2 - Article - Laser Welds in Vacuum

3 - How to do it well: Using Lasers for Welding

4 - Filler Metal for welding super duplex stainless

5 - Online Press: recent Welding related Articles

6 - Terms and Definitions Reminder

7 - Article: Raising a half sunken ship

8 - Site Updating: Resources on Refractory Metals

9 - Short Items

10 - Explorations: beyond the Welder

11 - Contributions: Welding Thermoplastics

12 - Testimonials

13 - Correspondence: a few Comments

14 - Bulletin Board

1 - Introduction

The present issue of Practical Welding Letter, the 160th, closes the current year 2016 with a diffused uneasiness regarding what the near future will bring about.

An Article (2) is reported summarizing studies that were done by performing laser welding in vacuum, hoping to limit porosity in welds: this may work somewhat, but the striking differences versus welding performed at normal pressure are weld penetration and shape, that become similar to those done by EBW (Electron Beam Welding).

Is it worthy using vacuum for lasers?

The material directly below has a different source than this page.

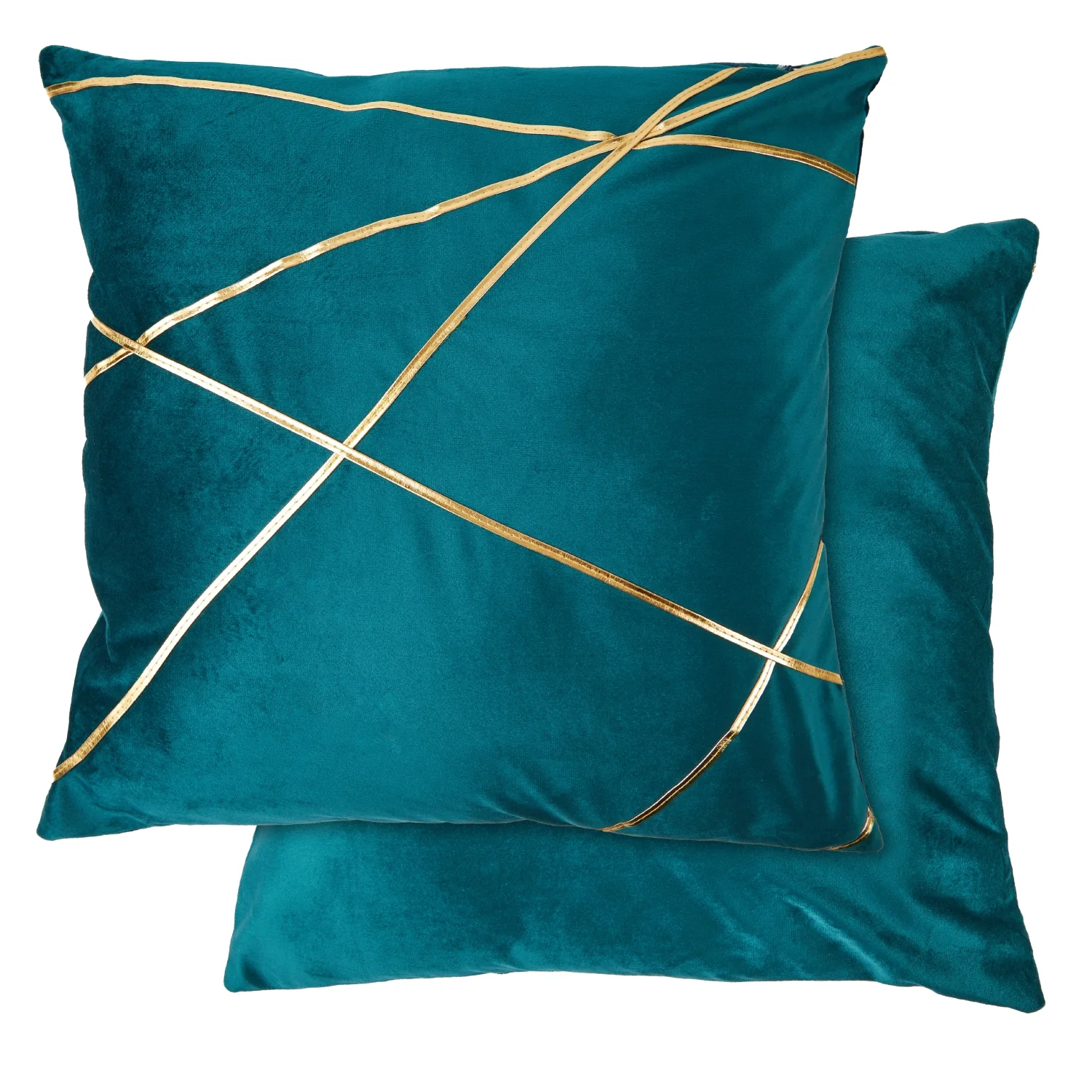 Vancouver - Cushion Cover in Emerald - Image 2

It remains an open question, to be decided in any specific case.

Another aspect of laser welding regards controlling its characteristics, in particular the power density of the laser beam, as it is a critical factor in the success of laser welding. A reported note (3) by a world renowned expert sheds light on the process and instructs on how to control it.

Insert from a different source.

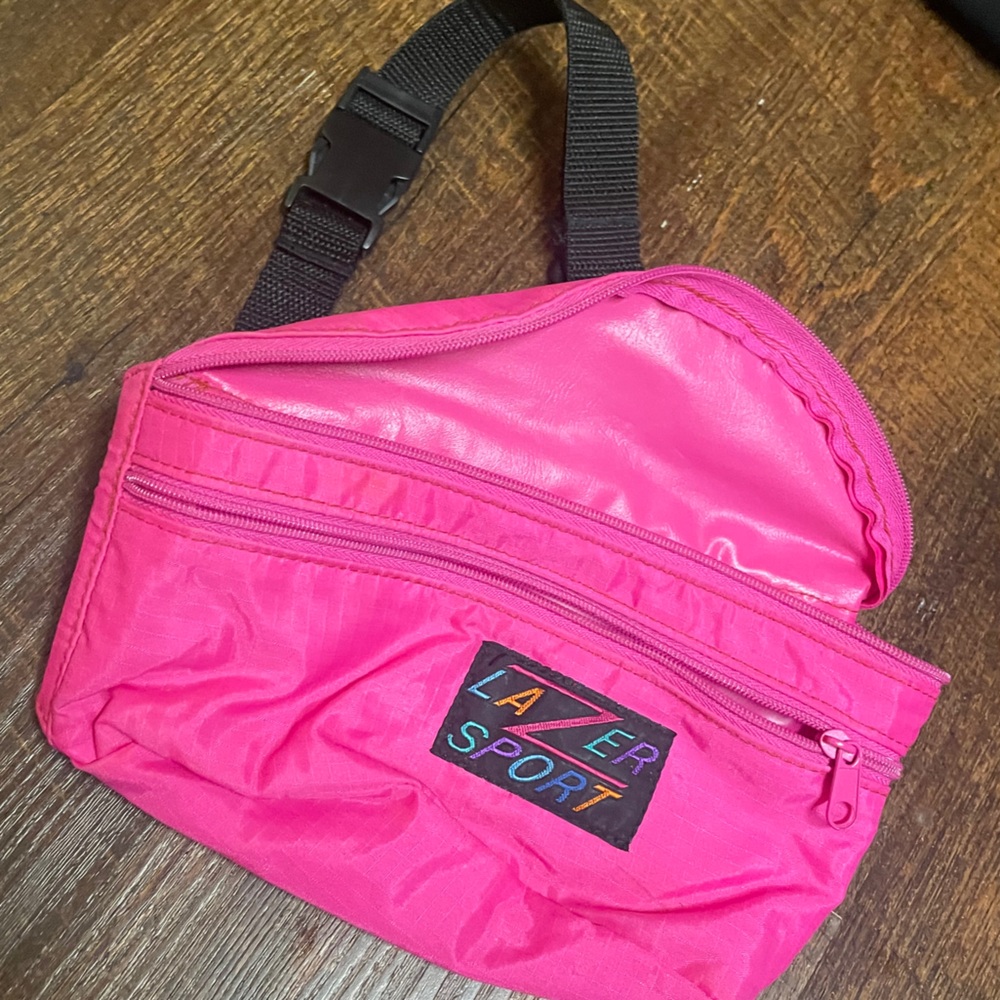 Pink Crossbody Bag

The next question (4) is how to control porosity when GMA welding superduplex stainless steel. This time the answer is vague, because nitrogen in the base and filler metal seems to react with the shielding gas mixture, especially if it contains oxygen, considered beneficial for wetting and bead shape when welding duplex and super duplex stainless steels. More data must be collected to improve understanding.

Raising a half sunken cruise ship to allow towing it to a dock for dismantling is described (7) as one of the largest engineering feats in marine history. Welding obviously played an important part in the exercise.

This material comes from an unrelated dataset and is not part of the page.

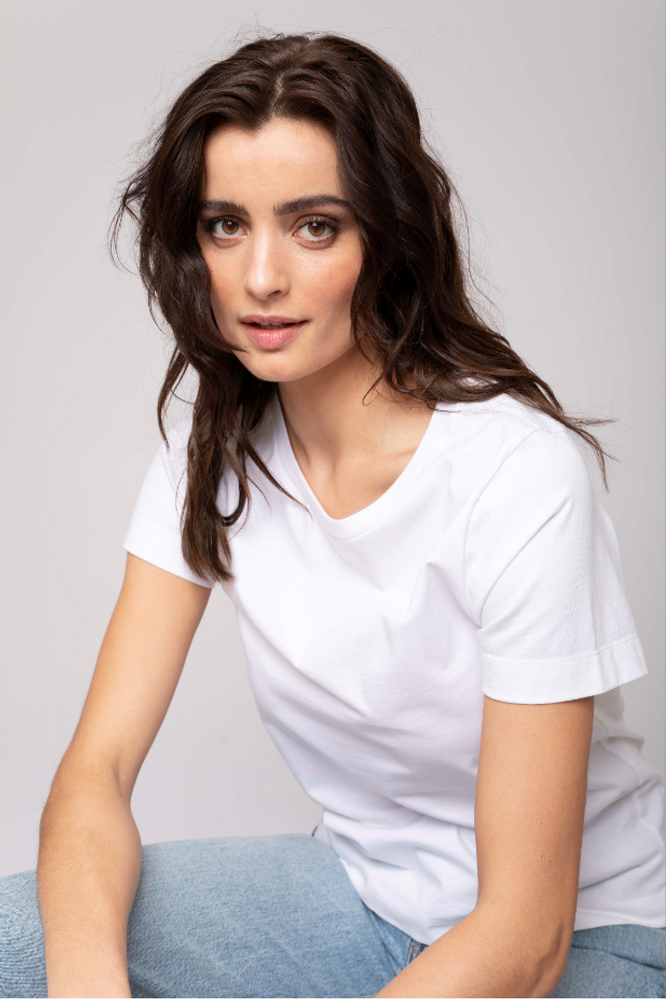 Spring Tee White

Welding of thermoplastics is not often discussed in these pages. This time a major project is reported (11) that required developing and qualifying welding procedures for a long plastic pipeline with demanding performance requirements. It should not be a surprise that procedures used normally for other materials find modified applications for unusual materials.

Refractory Metals (8) is the subject of our recent Mid Month Bulletin, written for those of our readers who accept our invitation to build their own Metals Encyclopedia as a useful reference, ready whenever needed.

The remaining columns can be found at their usual place. Your feedback is welcome: send it using the Contact Us Form.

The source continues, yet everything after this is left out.